The Pursuit of Happiness by Alan Trustman
Was interested in reading this story because of the gang affiliation around Boston area. Have known many over the years and have heard a lot of stories of their life.
Find them interesting, I'm not sure why. This one starts out with a man just enjoying his drink and food when a Dominican gang hold up the joint but the man does not let them get away with it.
Not any of the 7. Then we find Dick Berton in KY various different routes and means of transportation. Love learning about his next assignment where he's explaining to the women who's father owns the yacht about the Boston gangs and familiar names to me.
This mission involves a shark, in a tank in the Pacific ocean. They teach him about sharks for several weeks as they all go out into the cages themselves. This also gives me time to understand and learn. Love hearing of the math involved in everything and easy explanations of what some of the terms mean.
I never knew what scuba meant either. Liked hearing of all the poisonous sea life.

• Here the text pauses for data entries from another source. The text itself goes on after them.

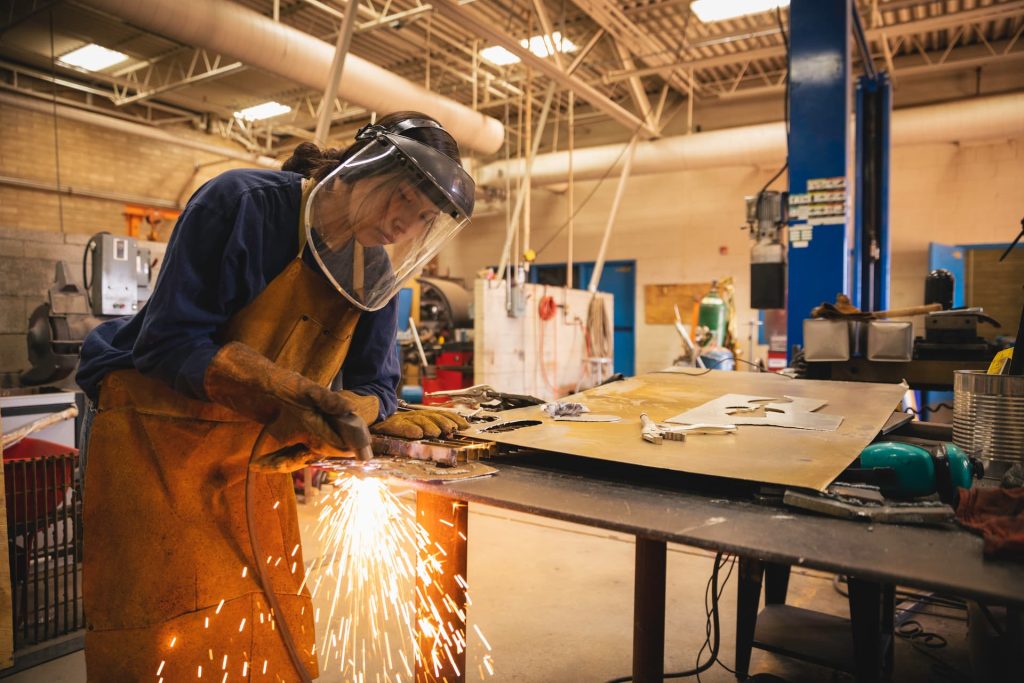 A person wearing a face shield and a leather apron while welding with sparks flying toward the ground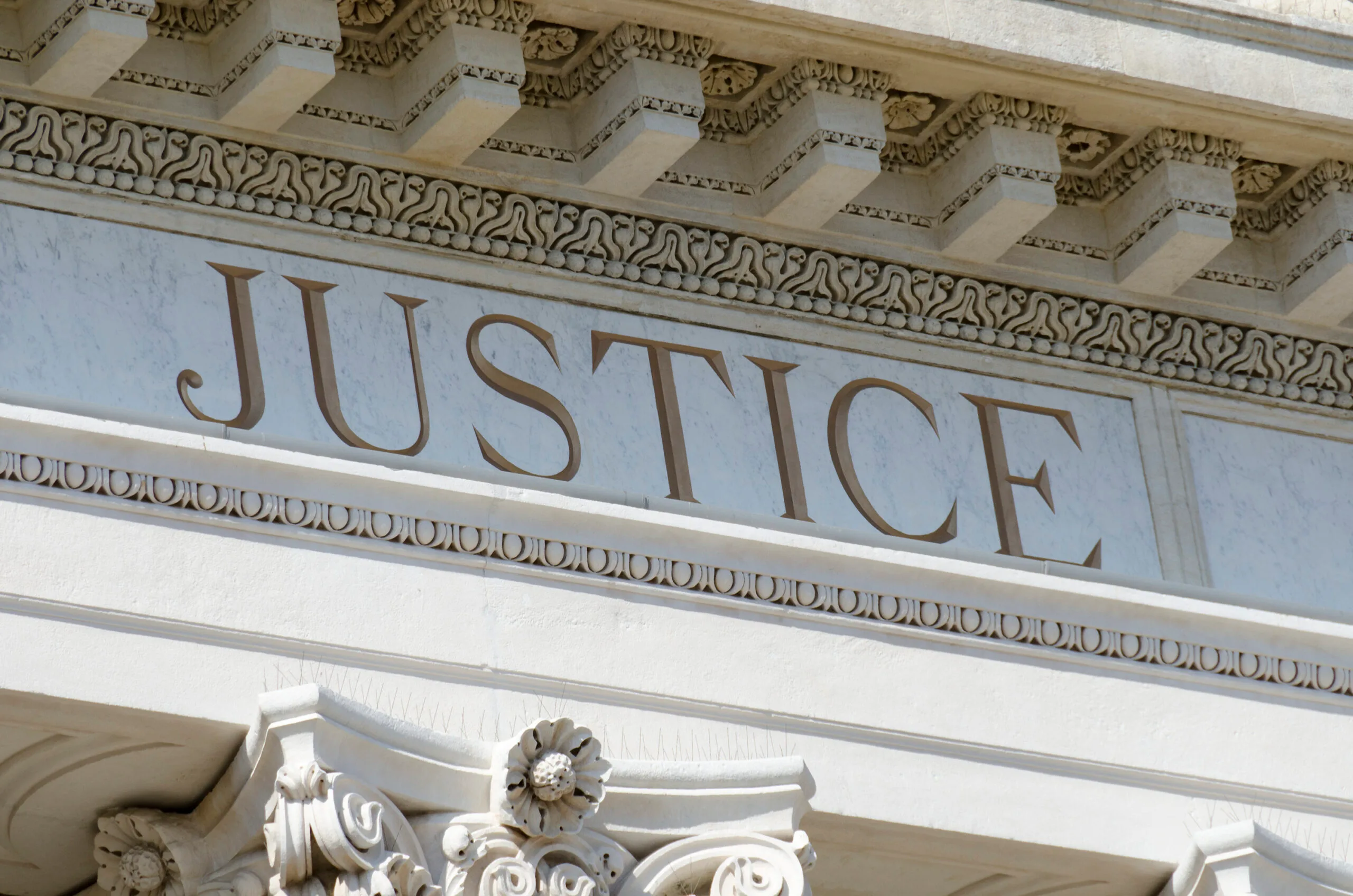 "Stone building facade with the word 'Justice' engraved, ornate details below a decorative cornice."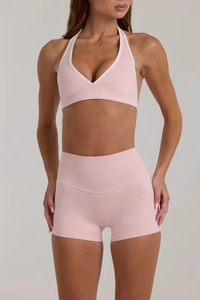 Dettaglio del set yoga rosa con pantaloncini a vita alta e reggiseno sportivo
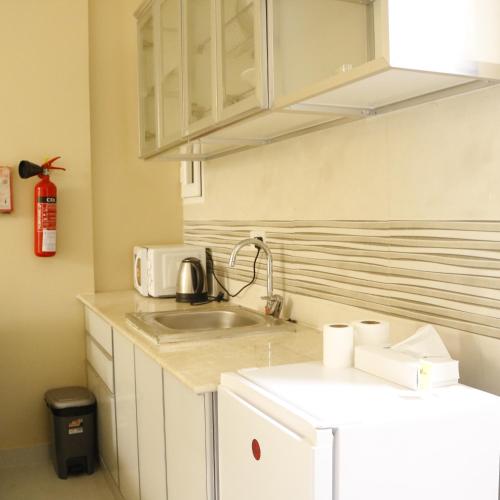 a kitchen with a sink and a microwave at Dar Al Noori Beach Apartment Managed by HPH in Salalah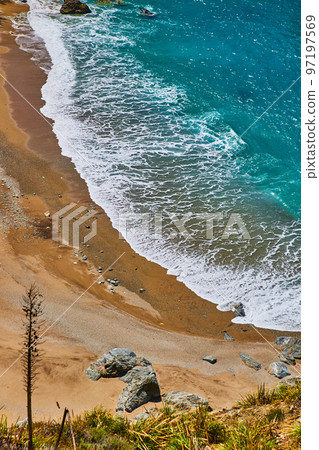 View from above of beach with beautiful blue ocean waves crashing View from above of beach with beautiful blue ocean waves crashing 97197569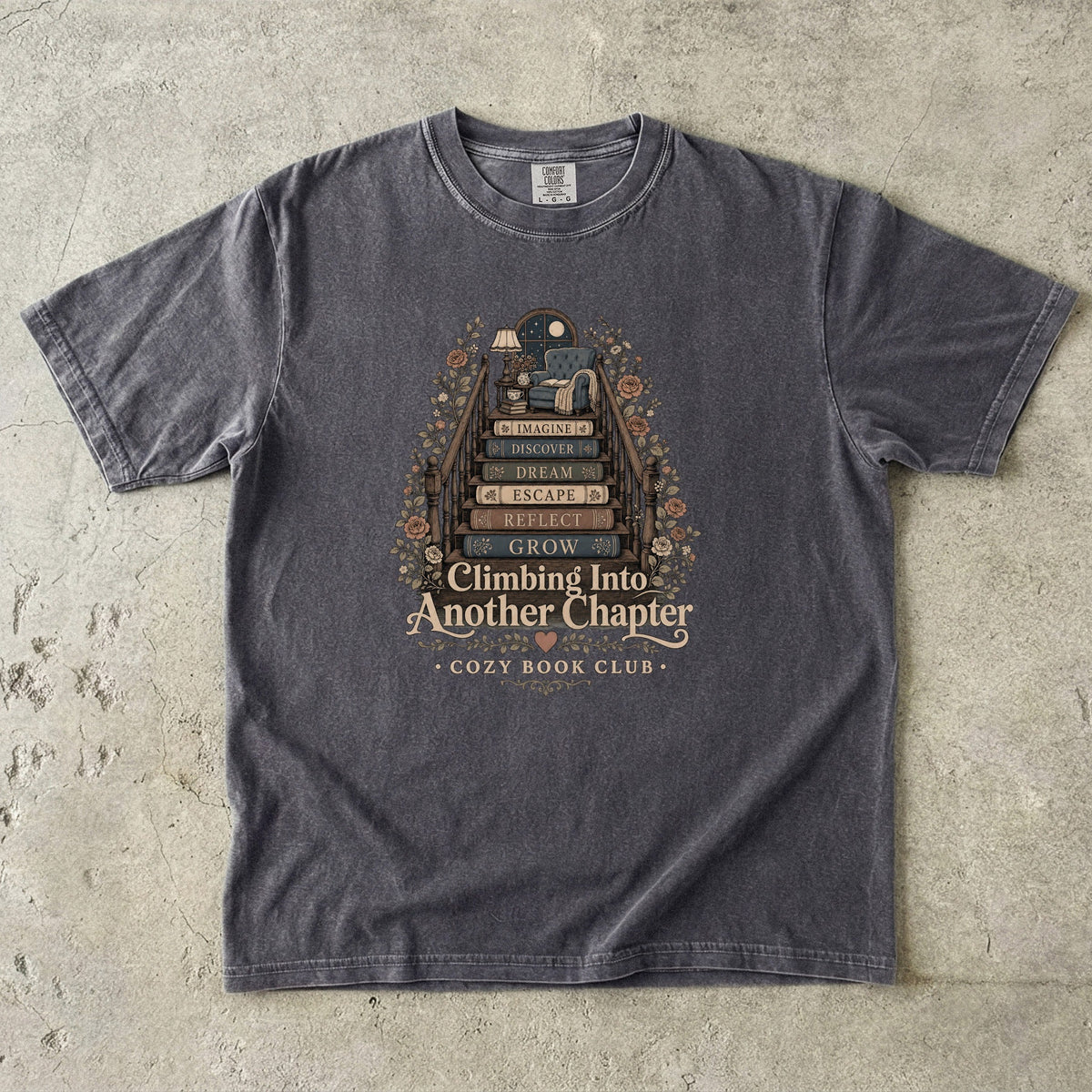 Climbing Into Another Chapter book lover T-shirt in Pepper featuring a staircase of books leading to a cozy reading chair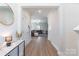 Bright entryway featuring hardwood floors, modern decor, and an open view of the living area at 147 Colonial Reserve Ave, Troutman, NC 28166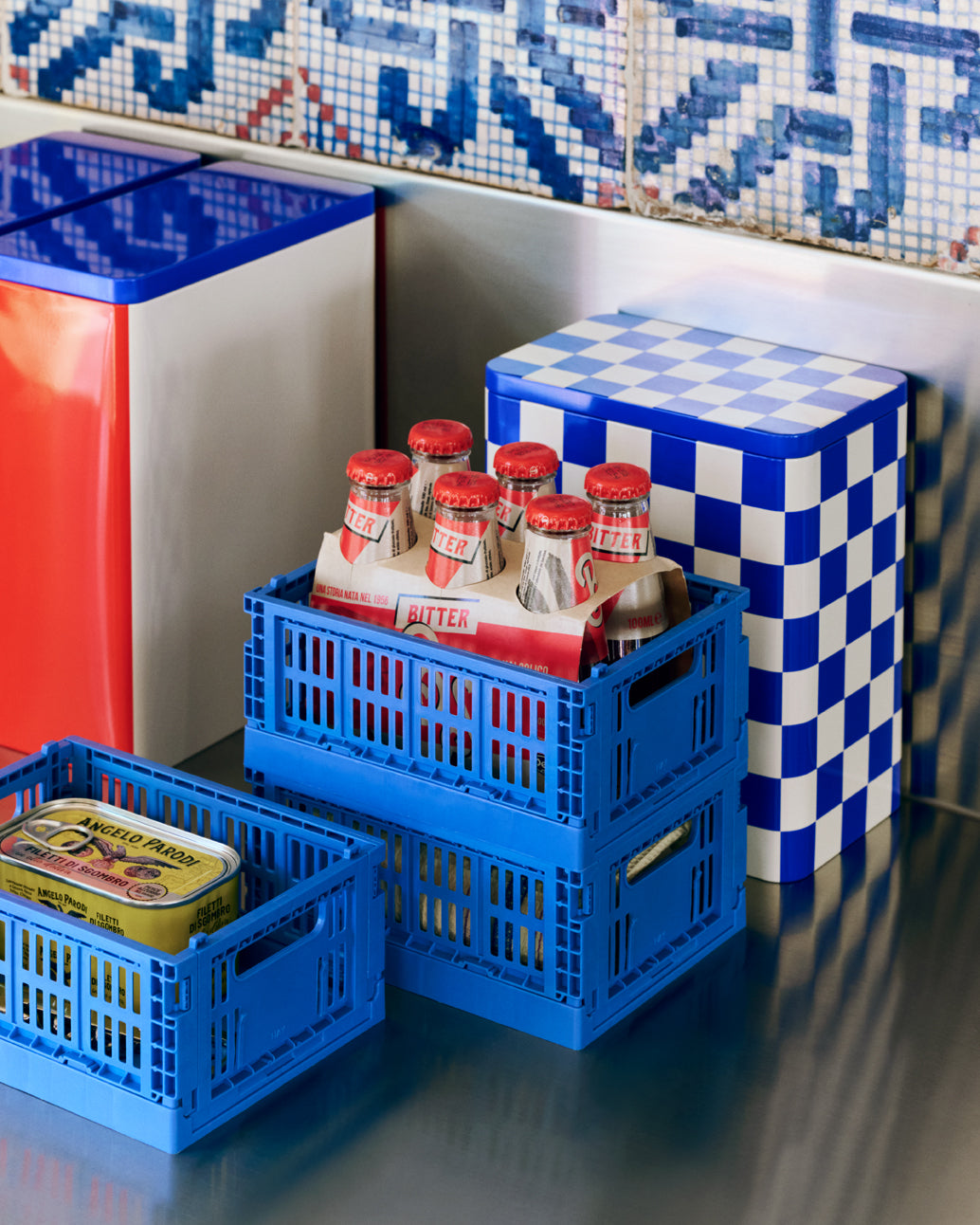 Blue crates with food items against a colorful tiled wall.
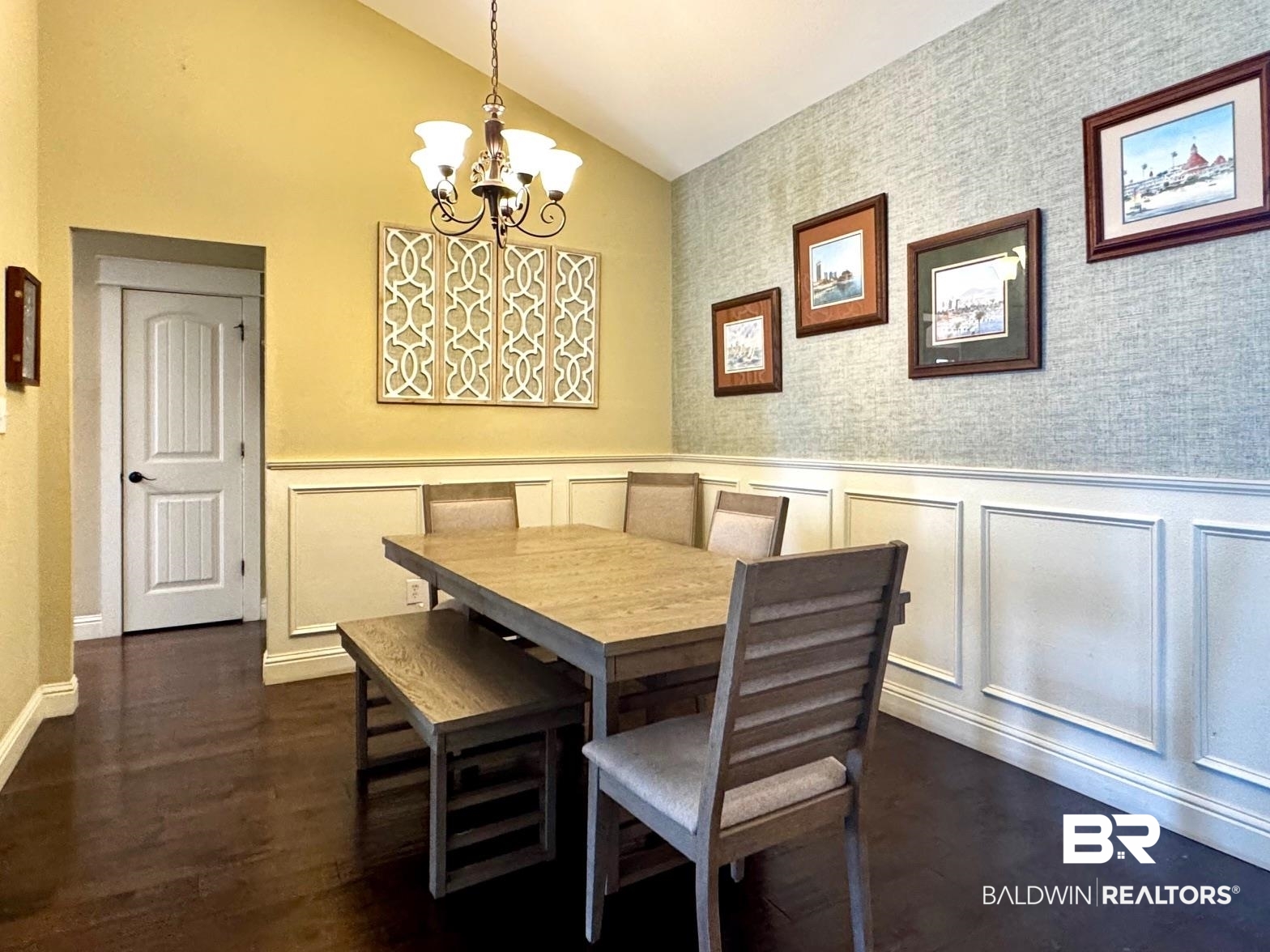 1030 Crown Walk Drive Foley, AL 36535 - Photo 6 of 40 Dining room with vaulted ceiling, wainscoting, dark wood-type flooring, and a chandelier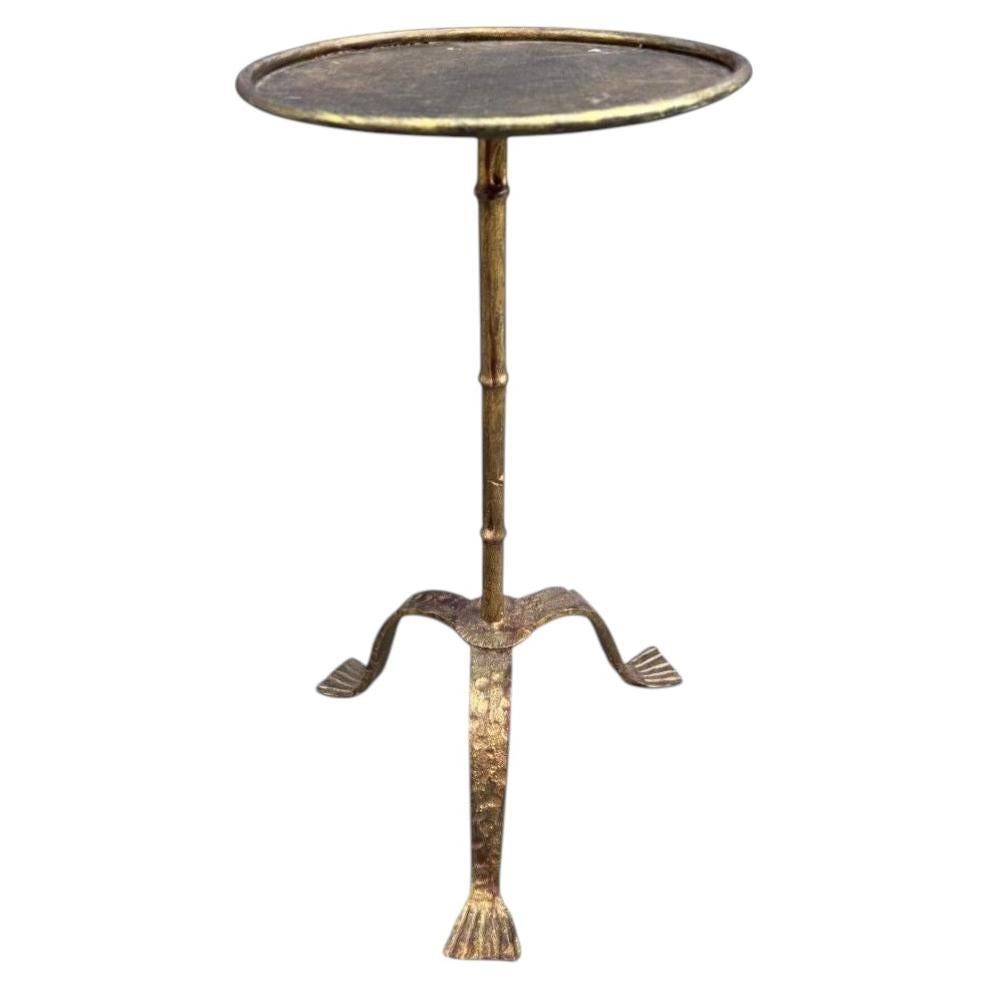 A Spanish 1950s gilt wrought iron martini table with three shaped legs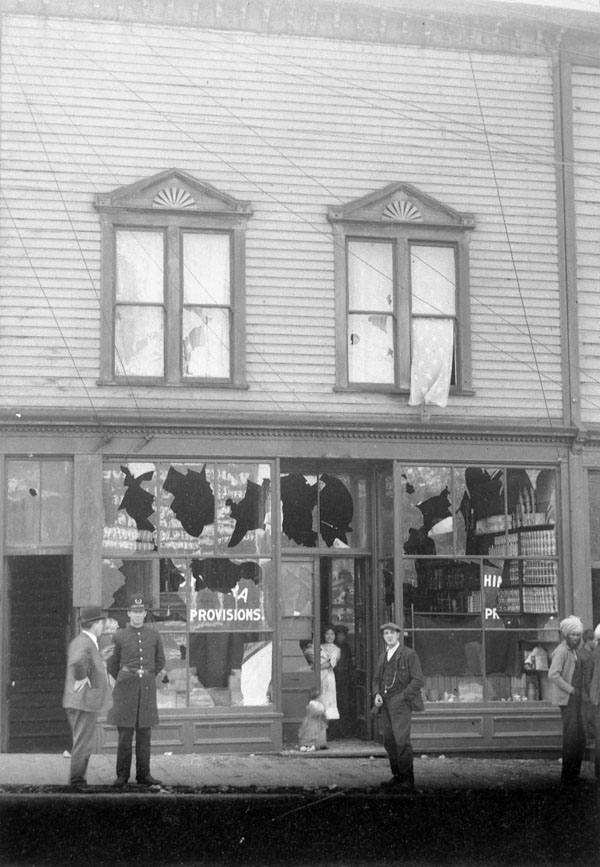 Des vitres brisées dans un commerce avec la police à l'extérieur et une femme japonaise dans l'embrasure de la porte.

Sort of reminds me of Frank, the transporter as he has to make up his own mind with what he has when things don't go according to plan...
Love all the action and adventure, travel and learning new things and adult romance and sex scenes. Love that the author doesn't take 500 pages to tell this story as others would've done. Can't wait to read more from this author.
Received a review copy via publicist and this is my honest review.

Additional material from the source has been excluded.